There are plenty of good reasons why millions of holidaymakers flock to the Mediterranean every year, but if you want to indulge in sun, sea and sand without the hustle and bustle, where’s the ideal place to go? For this stressed out soul, it has to be Corsica. The island is one of the most beautiful places I’ve ever been – and I’ve travelled to more than 80 countries.
Nestled just north of Sardinia, south of Genoa and roughly southeast of the Côte d’Azur, Corsica is firmly French but cherry picks influences from all over. The countryside shifts from sprawling and Tuscan – peppered with tall cypress trees – to rolling and English, with fields full of John Constable-worthy hay bales. The cuisine is a mix of Italian – with an emphasis on pasta – and French, embracing ripe cheeses and hearty charcuterie. The mountains have a Swiss vibe, with ridiculously pretty hilltop towns, ambling brown cows and shaggy-fleeced goats.
British visitors here feel like we’re in on quite the secret – we account for less than 5% of tourists annually. And from the first moment you inhale the pine-scented air and take in the thickets of wild flowers that line the roadsides, a sense of serenity enfolds you. A population of just 340,000 covers an area 114 miles by 52 and, while there are a handful of bigger towns, you can go a long way between mountainside villages where the only sights you’ll see could be a lone dog dozing in the shade of a church, or a group of old men relaxing over a pre-lunch beer.
There are many highlights on “the scented isle” – so nicknamed thanks to Corsica being home to more than 22,500 species of plants, trees and flowers, from olive and eucalyptus trees, to honeysuckle and myrtle, and herbs such as rosemary, mint, thyme and lavender. Ardent hiker? You’ll want to explore the Regional Natural Park, which covers nearly 40% of the island. Experience anything from the scenic trail that takes in the peaceful, turquoise pools of Lac de Melo and Lac de Capitello, to the challenging GR 20, which runs the length of Corsica and can be broken into doable, self-contained stages. Walking at a leisurely pace, you’ll perhaps pass by isolated shepherd’s huts, spot nimble-hoofed mouflons or have an unintentionally hilarious standoff with a wild pig.

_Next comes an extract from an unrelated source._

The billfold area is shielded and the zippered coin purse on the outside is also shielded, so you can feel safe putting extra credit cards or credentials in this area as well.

Campsites and wooden cabins offer the chance to immerse yourself further in nature, where you might be woken at sunrise by the perky trills of chaffinches, warblers or robins. Pitch your tent at San Damiano, located in the middle of a pine forest in Biguglia, or at Camping Monte Ortu on the outskirts of Lumio, which offers both mountain and sea views. Or ensconce yourself in a private, cosy chalet among the mountains, overlooking a lake, at Le Chalets de Lozzi in Calacuccia.
If you like being soothed by the sound of the sea, seek out a secluded beach. While the more popular are located on the fringes of the main towns, Porto-Vecchio, Calvi and Bonifacio, there are little finds such as Arone, 10 miles from Piana, where crystal-clear waters fringe fine sand. Plage Mare e Sole, a short drive from Pietrosella, offers sandbanks and shelter from the wind along its wide sweep. If you don’t mind a busier beach, Palombaggia, in Porto-Vecchio, is one of the island’s most beautiful.

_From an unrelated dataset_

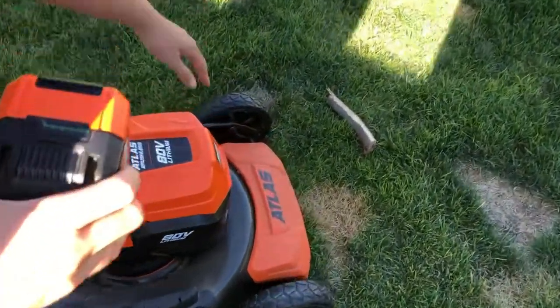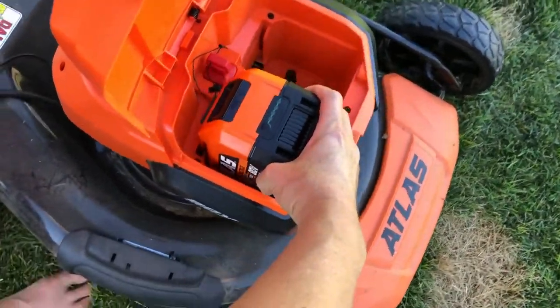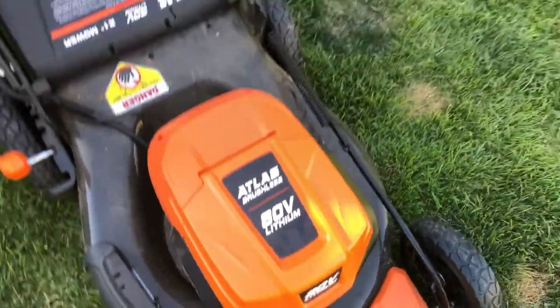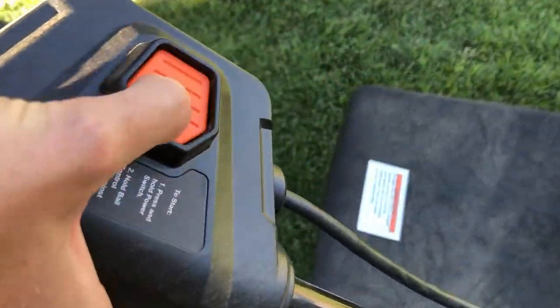This compartment is easy to find and easy to lift. You want to put the battery in there and make sure it's clicked in, or it won't start. To start, depress the button.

Finally, make time to explore these towns; each is interesting in its own right. This year marks the 200th anniversary of the death of Napoleon Bonaparte, who was born in Ajaccio in 1769. Tributes to the French military leader and emperor abound on the island, in the form of streets, bars and hotels bearing his name, but his story starts in Maison Bonaparte, a handsome townhouse just off Ajaccio’s main square, Place Foch. Today, you can see original rooms and furniture used by the Bonaparte family, historical documents, maps, correspondence and more.

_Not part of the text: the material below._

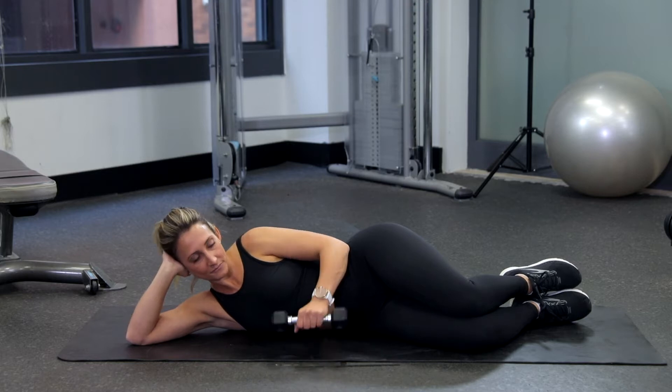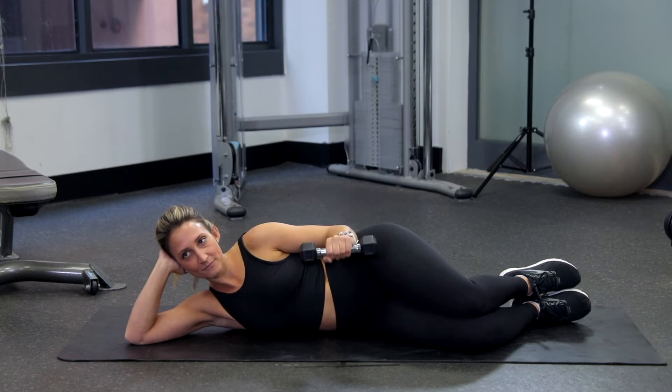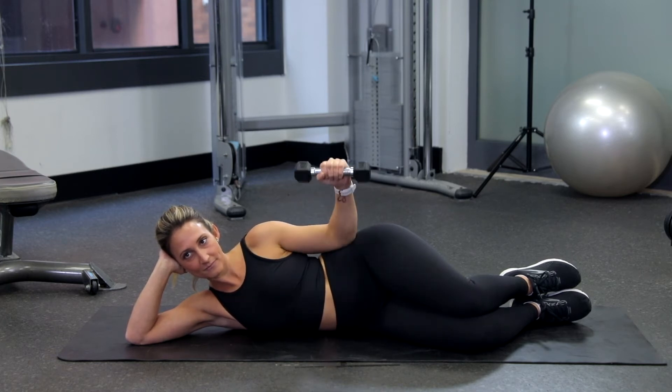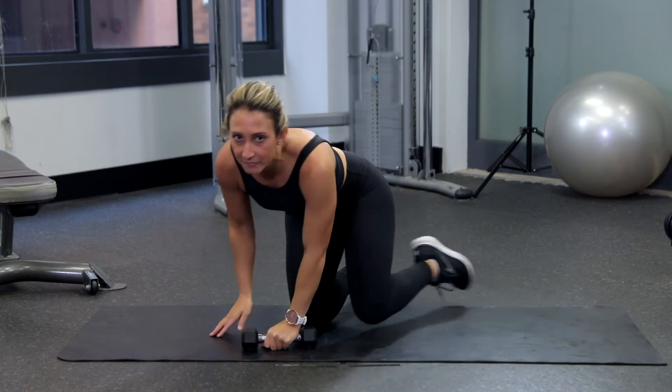Bend the elbow of your left arm to 90 degrees and rest the elbow on your side. Your forearm should rest across your abdomen. Hold a light dumbbell in the left arm, keeping your elbow against your side. Slowly raise the dumbbell up towards the ceiling and then return to the starting position. Repeat on the other side.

Two hours drive away is Bonifacio, which sits right at the very southern tip of the island. Your first glimpse will be of a hulking, thick stone fortress looming over the harbour, looking like something out of Game of Thrones. Dating from the ninth century, this citadel houses the “haute ville” – or upper town – a maze of narrow, winding, slippery stone streets.
Take a boat trip before you explore, which offers incredible views not just of the citadel, but of the intricate granite and limestone cliffs that have had myriad grottoes and inlets carved into them over the centuries (some of which hid pirates).
Finally, for a touch of laid-back St Tropézienne glamour, drop in on Calvi, a smart, slick resort town. Eat seafood at one of the traditional restaurants on Quai Landry, and watch the yachts bob up and down in the harbour … while you congratulate yourself on visiting one of the most alluring places in the Mediterranean.